Let me say, so that things are clear, that I wholeheartedly support the man. Someone may disagree, because, after all, Yom HaShoah isn’t Yom Kippur. Yet those that perished should be remembered, while those that survived the flames of the gas chambers to tell the story of Nazi atrocities should be respected and, if singing is considered to be a disrespectful act, one should simply and politely shut their mouth. To my surprise, not everyone shared similar sentiments.
-You won’t f*cking tell me what I can or can’t do! Motherf*cker! – yelled a female voice from above.
I froze, sickened. My insides turned upside down and I felt sorry for the man, who, baffled, stopped yelling and left the battlefield defeated. Because, how does one fight such ignorance and disrespect? With words? With tears? By raising their voice by an octave?

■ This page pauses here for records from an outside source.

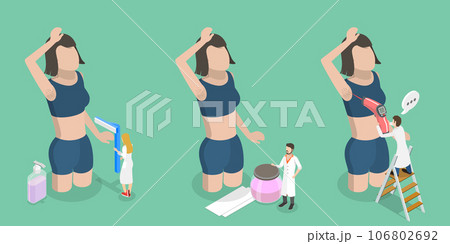 3D Isometric Flat Vector Conceptual Illustration of Armpits Care 106802692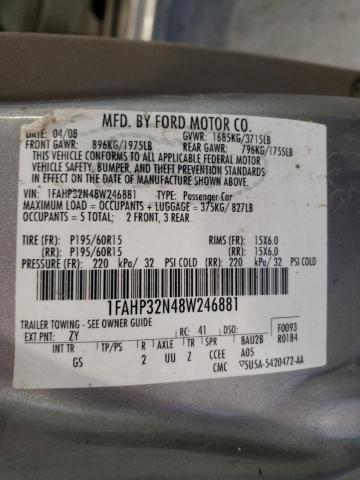 1FAHP32N48W246881 - 2008 FORD FOCUS S/SE SILVER photo 13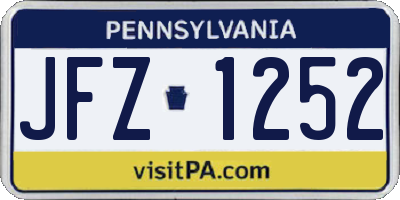 PA license plate JFZ1252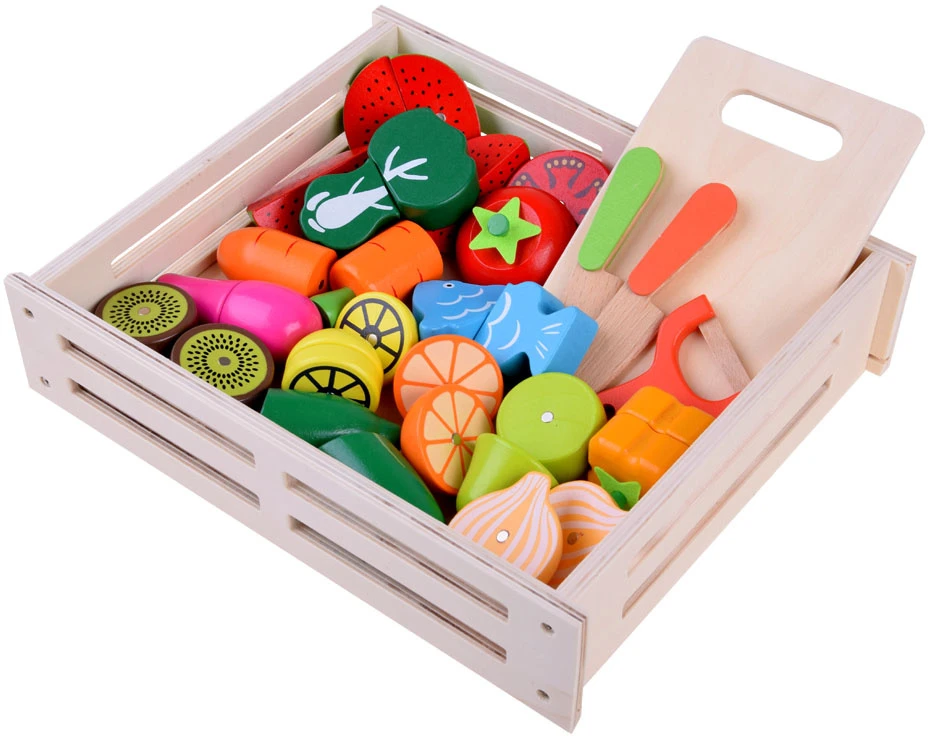 Jokomisiada Wooden fruit and vegetable cutting board with magnet, BOX, knife, ZA4121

I was born and raised in Poland; a country which housed a number of concentration camps; a country, where our history teachers practiced complete denial of any involvement of the Poles in the mass extermination of the Jewish population; a country, where almost every other corner features a star of David, painted for reasons very much unrelated to sympathy; a country, where since most recent terrorist attacks in October in Israel, the amount of vandalism of Jewish businesses soared through the roof; and a country where private individuals take it upon themselves to track down Jews and their properties in order to cause grief and bring financial loss.
A few years ago, one of my peers, who was a Pole, asked me if it was true that Jews used blood to make matza for Pesach. In Poland we know that the history is only a little over 60 old. We are only one and a half generations away from the horrors of war.
When the siren went off today not everyone in class felt the need to stand up and pay their respects by remembering what happened during the Shoah, as if the history didn’t affect them in any way.
I understand the lengthy debate about learning from the history versus falling into the mind-set of victimhood. I very much agree with that stance. We should look at our history in order to be able to identify the signs that could potentially lead to another war of that sort. We should know how to protect ourselves. We should know how to educate our children. I doubt we will ever be able to shake off the trauma of what happened, but I agree that we should instead focus on our future, forming a symbiotic unity between then and now.
Living in Israel makes the need for development and focusing on both present and future an even a more pressing matter. The shadow of “ghetto Jews” has been replaced by proud and driven young individuals who want their nation to succeed and their families to be safe.
But does that require spitting in the faces of those whose hearts break in half each time Yom HaShoah approaches? Is “f*ck you, motherf*cker” really the answer of this generation?